米国の「アジア太平洋へのリバランス」は何をもたらしたか

米国の「アジア太平洋へのリバランス」は何をもたらしたか。 米国のオバマ大統領はかつて、「米国はこれからの100年も世界をリードしていく」と語った。「アジア太平洋へのリバランス」戦略は間違いなく、この目標の実現のための重要な一環となる。だが地域の安全を守るという名目で行われた米国の一連の動きはむしろ、同地域に絶え間ない動揺を与えている…

タグ: アジア 太平洋 リバランス 軍事 覇権

発信時間: 2016-10-22 09:31:31 | チャイナネット | 編集者にメールを送る

太平洋は広大だが「覇権」を収める余地はない

米国の「アジア太平洋へのリバランス」戦略はしかし、順風満帆というわけではない。米国の同地域における同盟国からはすでに、動揺が見られ始めている。

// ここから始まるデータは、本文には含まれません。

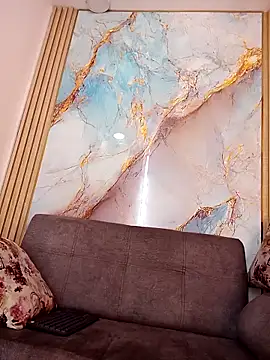 Victoriia Smiths aws online show from 09.19.25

米紙『ウォールストリート・ジャーナル』は最近、東アジアの同盟体系において米国が困難に陥り始めているとする記事を掲載した。フィリピン大統領は当選以来、「反米」の言論を繰り返している。米国の駐フィリピン大使をののしったかと思えば、オバマ大統領には「地獄に落ちろ」と言い放ち、フィリピンと米国との軍事演習を停止すると脅し、さらには南中国海での共同パトロールと海上演習計画の一時停止を宣言。フィリピン紙『マニラ・ブレティン』は9日、「我々を少しは尊重すべきだ。私がここにいる限り、我々をドアマットのように踏みつけさせはしない。さもなければ後悔することになる」というドゥテルテ大統領の発言を伝えている。

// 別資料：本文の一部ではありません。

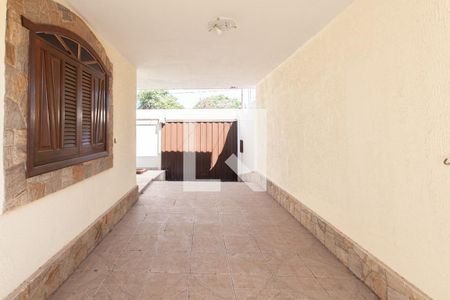 Casa à venda com 216m², 4 quartos e 2 vagasGaragem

「米国とフィリピンの関係は弱まっている。これはドゥテルテ大統領流の『リバランス』だ」と陶文釗氏は指摘する。「ドゥテルテ大統領は、アキノ3世がフィリピンと米国を接近させすぎたことがフィリピンに不利に働いていると考えている。米国がフィリピンに対して経済的な援助をしているといってもそれには限りがある」

軍事専門家の中には、フィリピンの占める重要な戦略的位置を指摘する声もある。フィリピン駐留米軍の追放という脅しは、米国のメンツをつぶしているだけでなく、米国の「アジア太平洋へのリバランス」戦略の重要な支点を崩し、米国を重大な打撃に直面させている。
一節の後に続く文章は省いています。